For broker-dealers, recordkeeping is not just an operational requirement — it is a core component of regulatory risk management. The SEC’s Rules 17a-3 and 17a-4 define how firms must create, store, preserve, and retrieve records across their entire securities business.
Getting these requirements right directly impacts audit outcomes, FINRA CAT reporting integrity, CAIS accuracy, dispute resolution, and overall compliance credibility.
Firms that excel here treat 17a-4 as a complete system — governance, process, and technology working together — not a simple storage repository.
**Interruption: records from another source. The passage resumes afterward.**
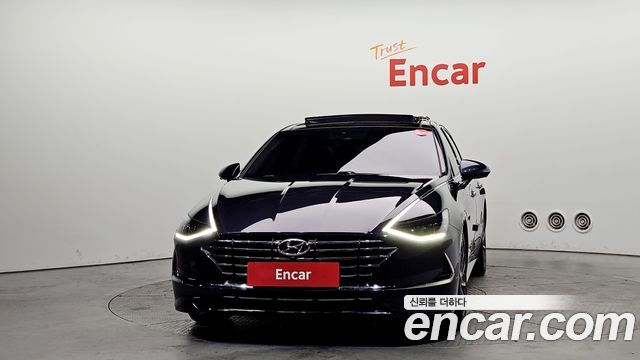 Hyundai Sonata 2020 — photo 3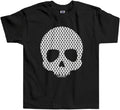 Threadrock Little Boys' Skull Made of Skulls Toddler T-Shirt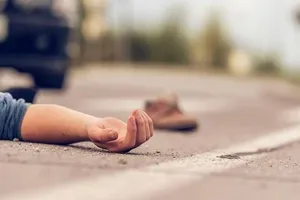 लखीमपुर खीरी: सड़क पर खड़ी ट्रॉली से टकराकर बाइक सवार दो युवकों की मौत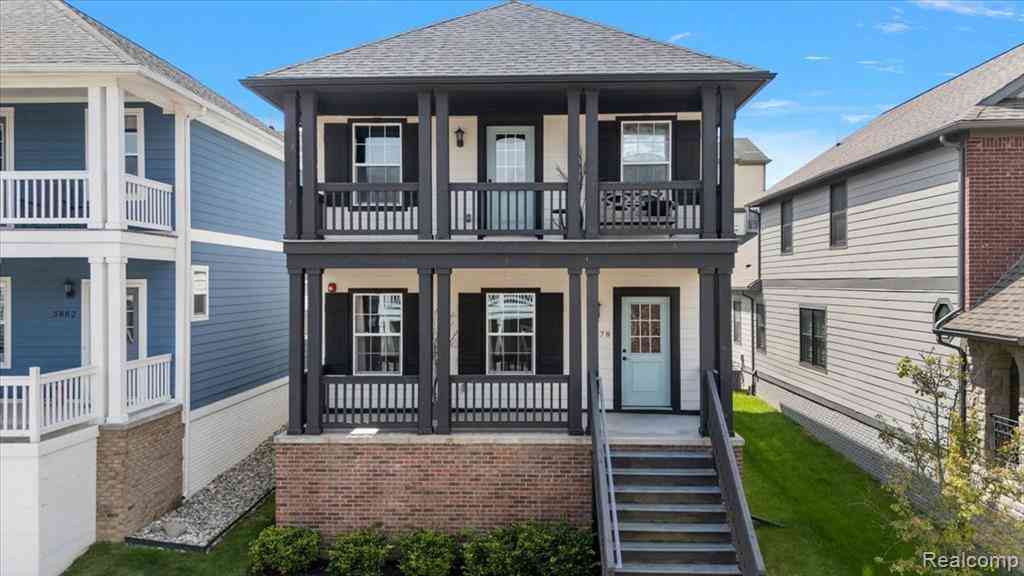 Homes For Sale - 3878 Andover Avenue <br/> Auburn Hills, MI 48326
SEC Rules 17a-3 & 17a-4: The Recordkeeping Foundation
Rule 17a-3 — What You Must Create
Broker-dealers must create comprehensive records such as:
Trade blotters, order tickets, confirmations
Customer account records (critical for CAIS accuracy)
Communications
Financial and operational records
Supervisory procedures
CAT-reportable order events (tightly tied to FINRA CAT compliance)
These records reflect the firm’s business activities and supervisory processes.
Rule 17a-4 — How You Must Preserve Them
This rule governs:
Retention timelines
Formats
Storage controls
Retrieval expectations
Supervisory oversight
Together, 17a-3 and 17a-4 form a lifecycle:
Create → Preserve → Retrieve → Supervise → Produce
WORM Storage: The Heart of 17a-4 Compliance
Rule 17a-4 requires that electronic records be stored in a non-rewriteable, non-erasable (WORM) format.
The SEC doesn’t mandate a specific technology — only the outcome:
✔ Records cannot be altered
✔ Records remain locked for the entire retention period
✔ System must provide audit trails and supervisory visibility
This requirement becomes even more important when firms manage multi-system data flows across OMS, EMS, CRM, FINRA CAT, and CAIS.
Supervisory Controls: Visibility, Auditability & Accountability
Record retention without supervision is a regulatory gap.
Your supervisory system must:
Provide clear visibility into what is stored
Maintain audit-ready logs
Capture who made changes, when, and how
Ensure retention timelines are applied correctly
Confirm all records are preserved in WORM format
Typical risk pattern:
Compliance doesn’t see what tech stores, and tech lacks regulatory acumen.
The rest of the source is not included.